Александра и Анна Карповна знали из письма Ксении, что она «постарается приехать в конце июня», и были готовы к встрече. Утром Александра выстирала постельное белье для гостьи, и сейчас оно висело на телефонной проволоке, протянутой между старым тополем и «дворницкой», в открытую дверь которой белье хорошо просматривалось. Анна Карповна приготовилась к возможному приезду гостьи основательно: сварила вкусный постный борщ, нажарила котлет, испекла пирог с яблоками.
— Ой, как у вас вкусно пахнет! — первое, что сказала Ксения, вдруг возникнув на пороге «дворницкой».
— Тебя ждем! — легко, в одно касание полуобняла гостью Александра, чмокнула в щеку, взяла у нее облезлый фибровый чемодан, перевязанный бечевкой, и тут же поставила его в сторонке от порога. — Заходи, знакомься с моей мамой.
— Здравствуйте, Анна Карповна! — неожиданно сказала Ксения.
— Здравствуй, деточка! — еще более неожиданно для Александры отвечала мама на чистом русском языке. Подошла к Ксении, обняла ее и поцеловала в висок.
В коммунальной квартире на четырех хозяев, где жила теперь Александра с Ванечкой-адмиралом, имелась вполне пристойная ванная комната с душем, и можно было отвести туда Ксению помыться с дороги, но Александра до сих пор не сообщила ей о своем фактическом замужестве, и сейчас она тоже почему-то не стала говорить Ксении об этом, не стала приглашать к себе в коммуналку, а предложила «сбегать в баньку».
— Здесь рядом, и сегодня очереди наверняка нет — и воскресенье, и жарко. Пока мама картошку к котлетам сварит, пока пюре сделает, салат — мы и обернемся. Согласна — в баньку?
— Еще бы! — После утомительной дороги в общем вагоне почтового поезда, который останавливался на каждом полустанке, ей так нестерпимо хотелось помыться, что предложение Александры привело Ксению в восторг.
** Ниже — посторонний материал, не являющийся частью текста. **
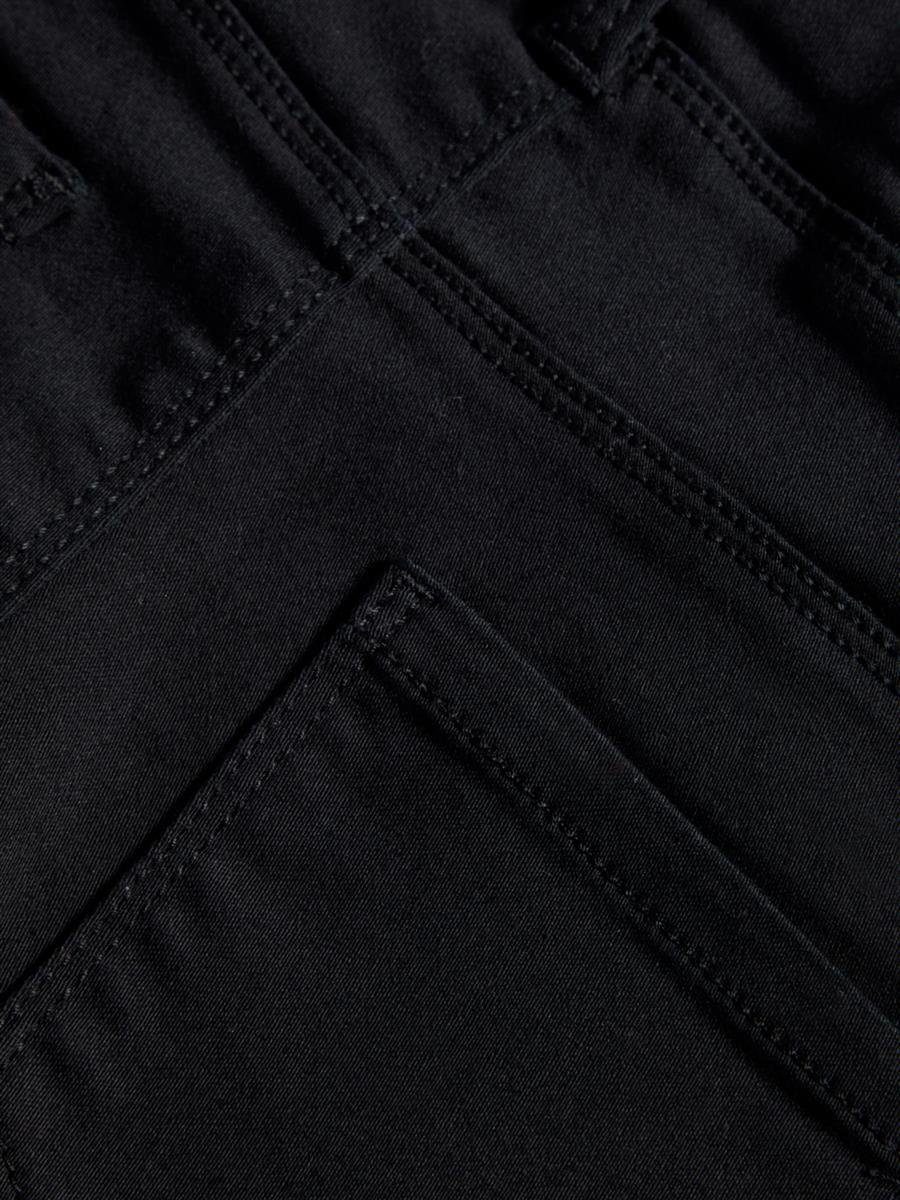 Name It Chinoshorts Name It Mädchen Pull-on-Shorts in Slim Fit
В бане Александра старалась не рассматривать Ксению, а та в свою очередь старалась не смотреть Александру. Но старайся не старайся, а хочешь не хочешь — рассмотришь.
— Какие у тебя ступни изящные, наверное, тридцать третий — тридцать четвертый размер, не больше, — заметила Александра.
— Тридцать три с половиной, но ношу тридцать четвертый.
— А у меня тридцать шестой — видишь, какая лапа, — пошевелила пальцами правой ноги Александра.
— Ничего не лапа, нормальная, — возразила Ксения. Тогда им и в голову не могло прийти, что во времена их внучек сороковой и сорок первый будут вполне заурядным явлением. — У тебя лучше фигура, чем у меня, — простодушно добавила Ксения. Они сидели в парной среди текучих нитей приятно обжигающего пара. Бани в те времена в Москве были очень чистые, люди приходили туда и помыться, и порадоваться одновременно.